Selama berlakunya UU Pencegahan dan Pemberantasan Perusakan Hutan (UU PPPH) sejak tahun 2013, Pusat Pemantauan Pelaksanaan Undang-Undang Sekretariat Jenderal DPR RI menemukan permasalahan utama dan mendasar terkait dengan pelaksanaan UU PPPH, antara lain:
a. Isu Utama per aspek
Dalam pelaksanaannya terdapat beberapa permasalahan dan hambatan yang dianalisis melalui pembagian 5 (lima) aspek yaitu Aspek Substansi Hukum, Aspek Struktur Hukum/Kelembagaan, Aspek Sarana dan Prasarana, Aspek Pendanaan dan Aspek Budaya Hukum.
b. Putusan MK
UU PPPH telah 3 (tiga) kali dilakukan pengujian di Mahkamah Konstitusi (MK) yaitu Perkara Nomor 95/PUU-XII/2014, Perkara Nomor 139/PUU-XIII/2015, dan Perkara Nomor 69/PUU-XIV/2016 dari Perkara tersebut tidak terdapat permohonan yang dikabulkan oleh MK.
c. Prolegnas
-
Provinsi Jambi, Lampung dan Jawa Tengah (Semarang)

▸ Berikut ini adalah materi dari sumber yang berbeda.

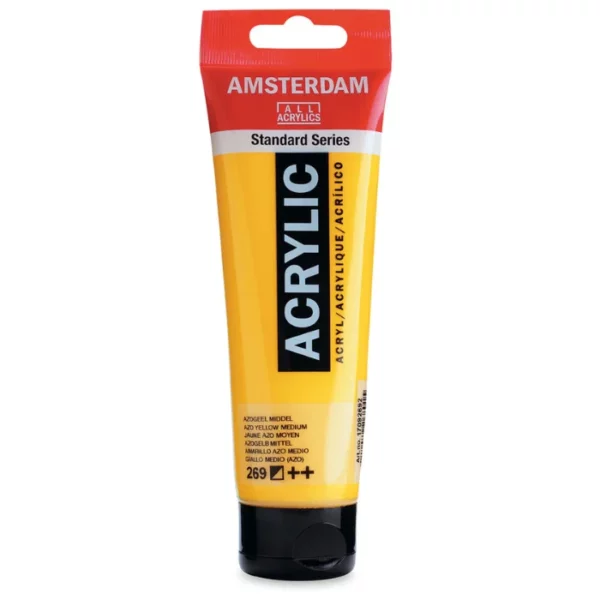 A single tube of Azo Yellow Medium Amsterdam Acrylic Paint 120ml is standing vertically in the center of the frame. The tube is made of a clear plastic and has a red band at the end of the tube with a hole so it can hang. The tube has a black, plastic flip top cap, that the bottle stands on. There is black text on the body of the tube describing the product colour and details. The colour of the paint can be seen through the tube. On a white background.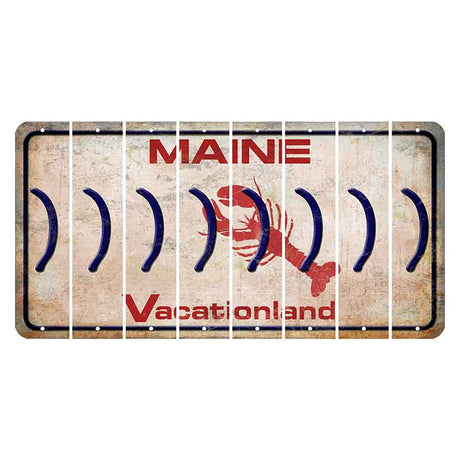 Maine Lobster Vacationland Cut License Plate Strips (Set of 8) Parenthesis - Right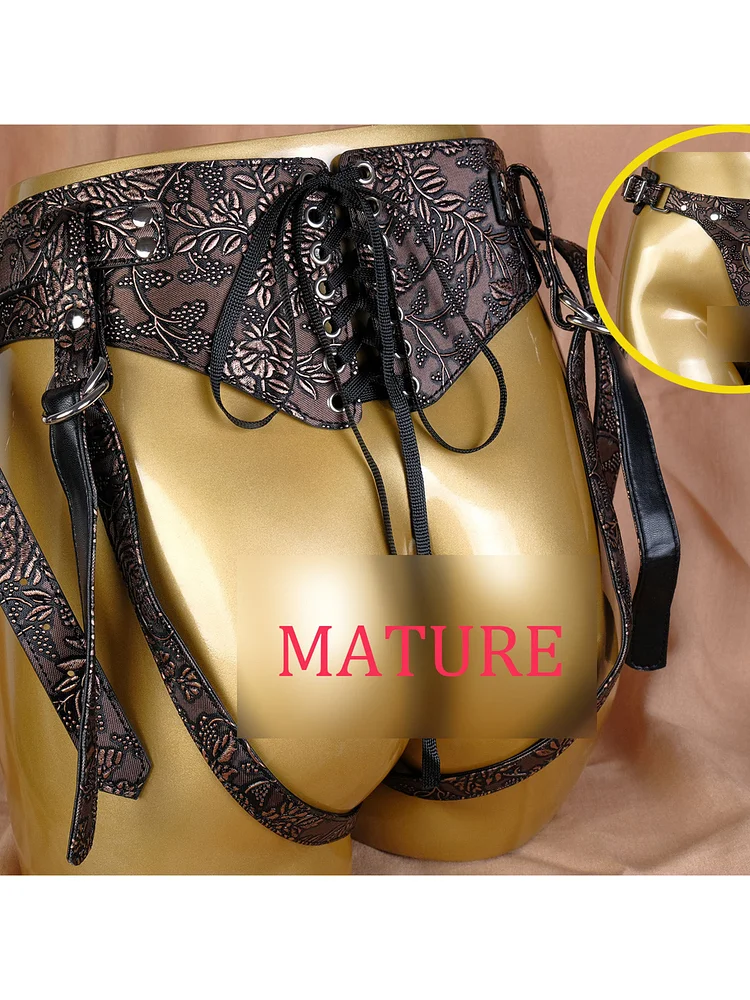 pornhint Pornhint Brown Vegan Leather Strap On Harness For Pegging/Lesbian Harness/StrapOn Harness/Strapon Panties/Women Plus Size Strap-on Lingerie-MATURE leather harness women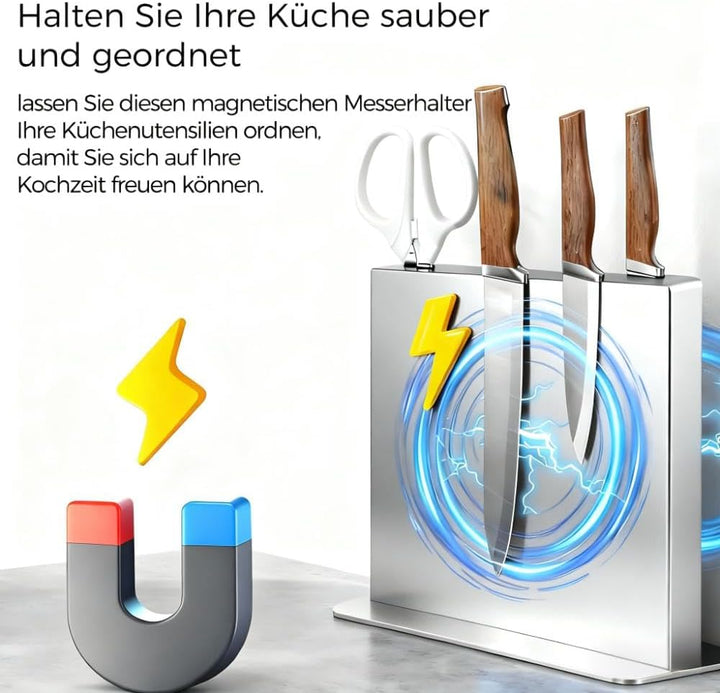 Magnetisches Messerhalter, Edelstahl-Magnetmesserblock-zweiseitige starke Magnetmesserleiste als Sta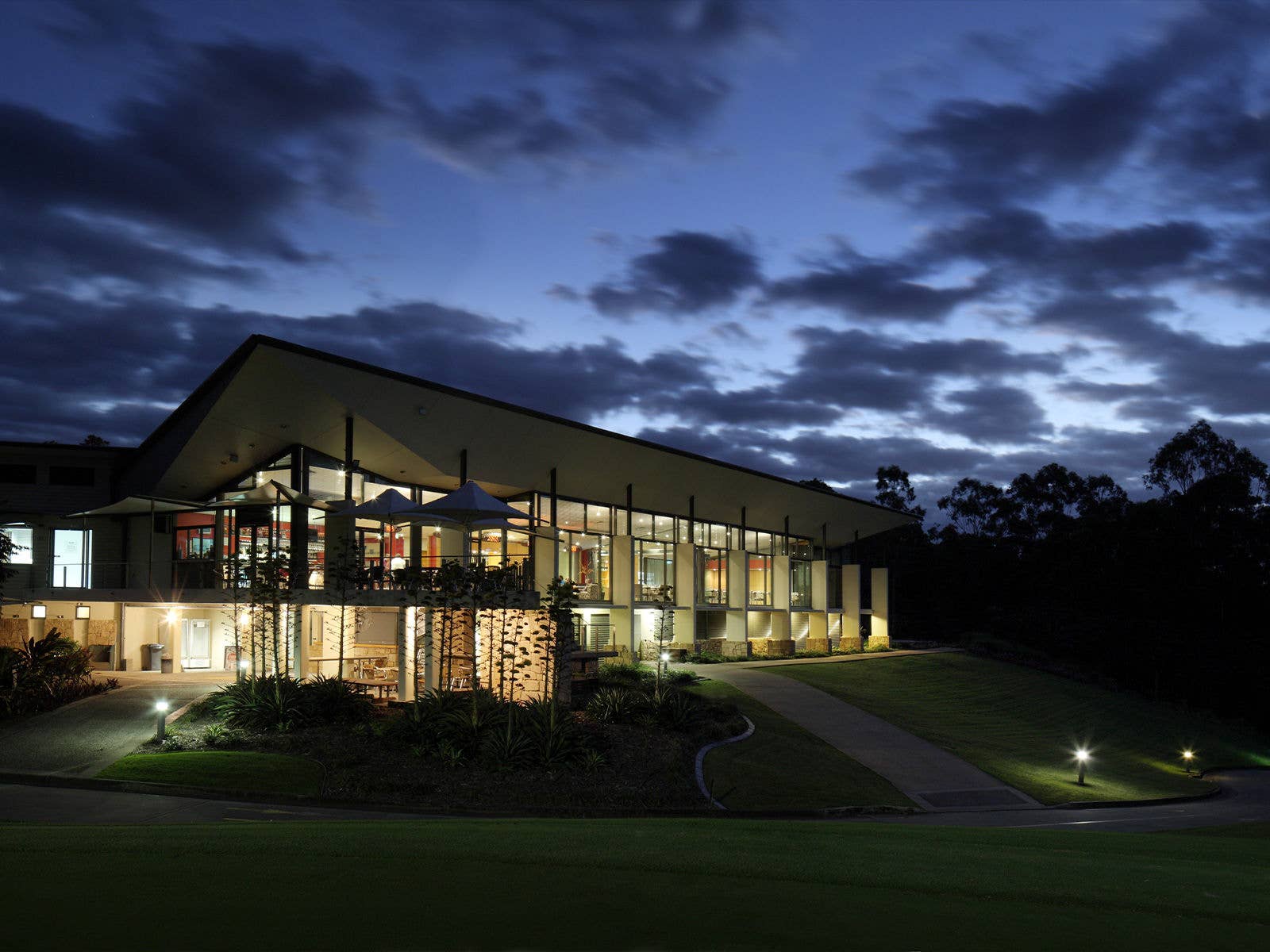 Brookwater Golf Course Club House at night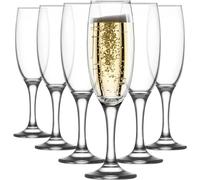 6x 220ml Empire Flûtes à Champagne en verre - Réutilisable Anniversaire Mariage Enterrement de vie de jeune fille Prosecco Vin Cocktail Boire Set Verres - Par LAV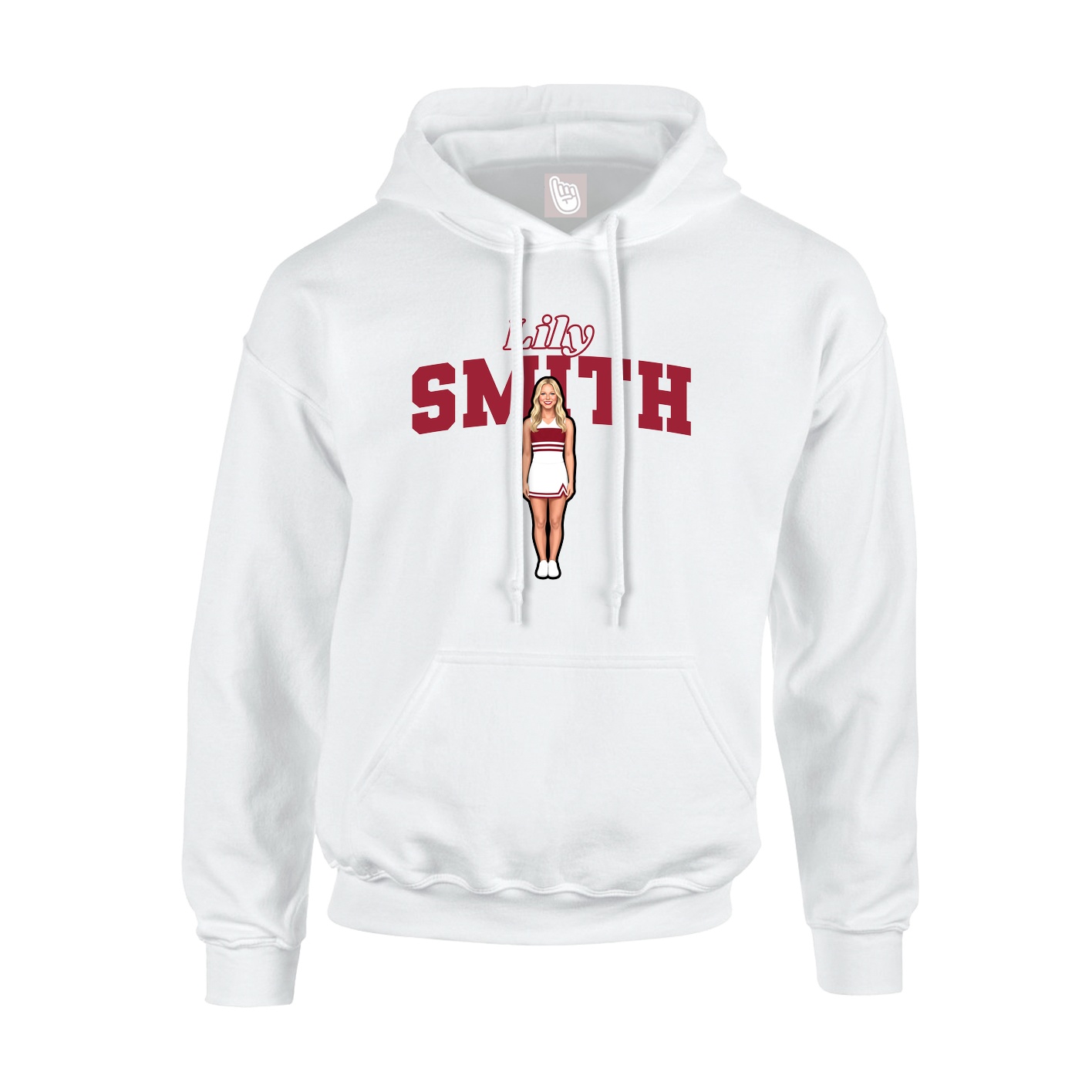 Youth Hoodie — Name Arch in White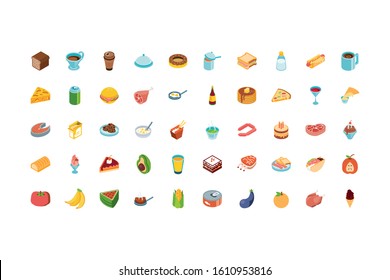 Icon set design, Eat food restaurant menu dinner lunch cooking and meal theme Vector illustration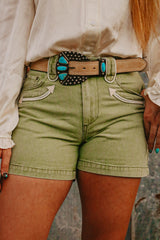 The Howdy Hanny Olive Denim Shorts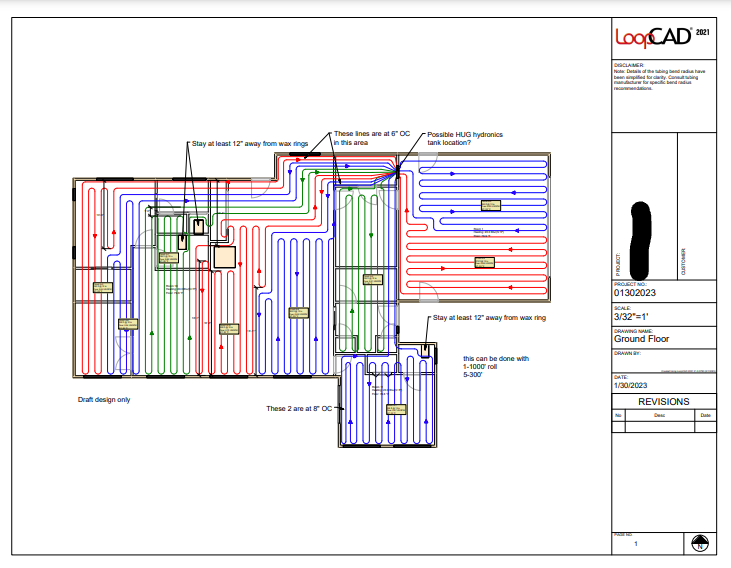 Loop cad layout for in-floor heating pex pipes will look like this with each color being 1 pex loop
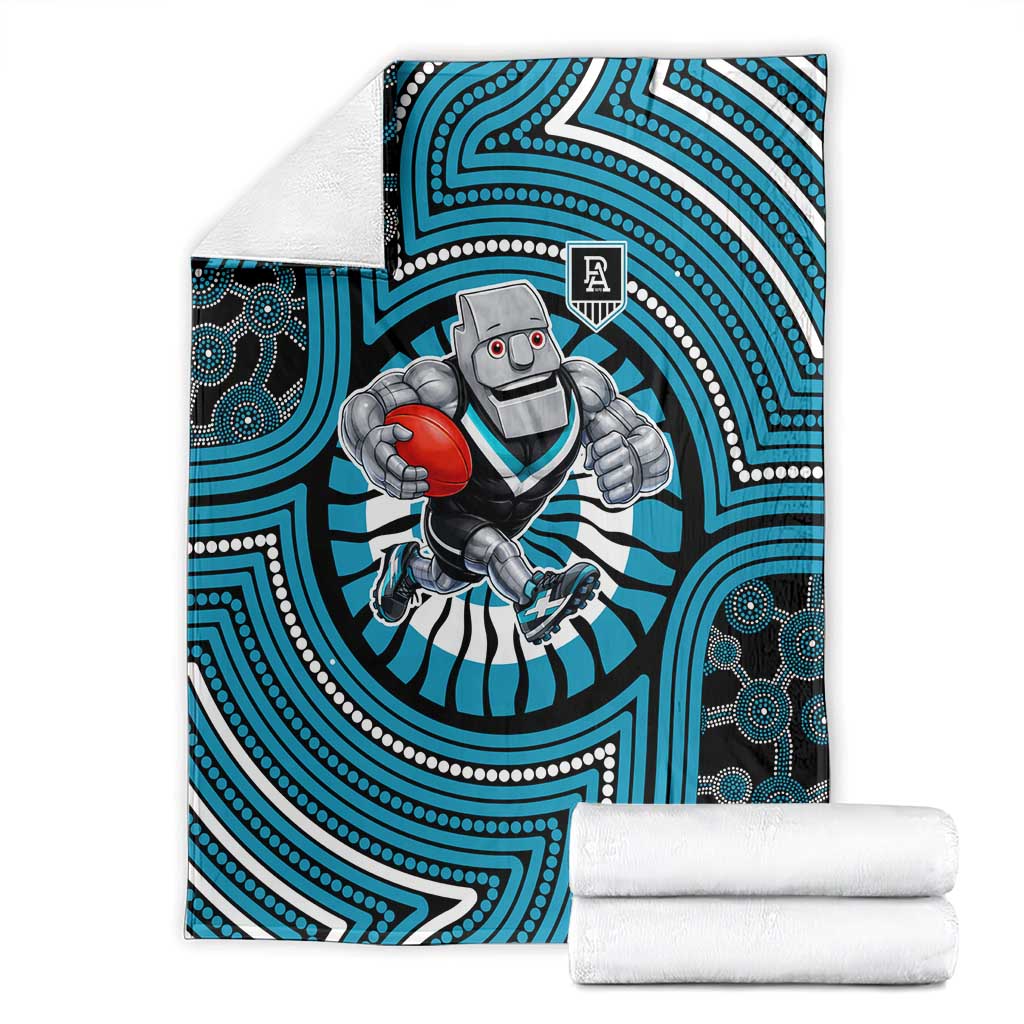Port Adelaide Football Club Blanket Indigenous Monochrome Dot Art Mascot Style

Pelaksanaan UU PPPH sejak tahun 2013 terdapat permasalahan dalam implementasinya, antara lain:
a. Aspek Substansi Hukum
1) Pasal 1 angka 3 UU PPPH terkait Frasa “ataupun yang sedang diproses penetapannya oleh Pemerintah” menimbulkan ketidakjelasan dan ketidapastian hukum
2) Terkait frasa terorganisasi dan pengecualian terhadap masyarakat sekitar hutan dalam Pasal 1 angka 6 UU PPPH dan Pasal 11 ayat (1), ayat (2), dan ayat (3) UU PPPH masih menimbulkan multitafsir bagi APH dan belum mengakomodir permasalahan
3) Pasal 12 UU PPPH sebagaimana telah diubah oleh Pasal 37 angka 3 UU Cipta Kerja memiliki beberapa permasalahan terkait larangan kawasan hutan
4) Pasal 40 UU PPPH terkait penafsiran dari frasa “Barang Bukti Temuan dan Pengelolaan Barang Bukti” menimbulkan kerancuan dalam implementasinya
5) Penerapan ketentuan sanksi tidak berjalan efektif bagi perorangan ataupun korporasi
6) Pasal 39 UU PPPH terkait jangka waktu penyidikan yang tidak efisien
7) Adanya potensi disharmoni dengan peraturan perundang-undangan terkait, yakni Pasal 30 UU PPPH dengan UU TPPU mengenai kewenangan PPNS dan Pasal 5 dan Pasal 8 UU PPPH dengan UU Pemda mengenai kewenangan daerah
8) Penghapusan Ketentuan Terkait Hakim Ad Hoc dan Lembaga Pencegahan dan Pemberantasan Perusakan Hutan oleh UU Cipta Kerja
b. Aspek Kelembagaan/Struktur Hukum
1) Tujuan pencegahan dan pemberantasan perusakan hutan belum sepenuhnya dapat terwujud
2) Penegakan hukum dalam UU PPPH belum berjalan dengan baik
3) Kebijakan dalam pencegahan dan pemberantasan perusakan hutan belum berjalan efektif
4) Kurangnya koordinasi antara APH dalam pencegahan dan pemberantasan perusakan hutan
5) Permasalahan pal batas
6) Penghapusan ketentuan oleh UU Cipta Kerja
c. Aspek Sarana dan Prasarana
1) Kurangnya Sumber Daya Aparatur Penegak Hukum dalam menangani permasalahan perusakan hutan (Pasal 6 ayat (1) UU PPPH)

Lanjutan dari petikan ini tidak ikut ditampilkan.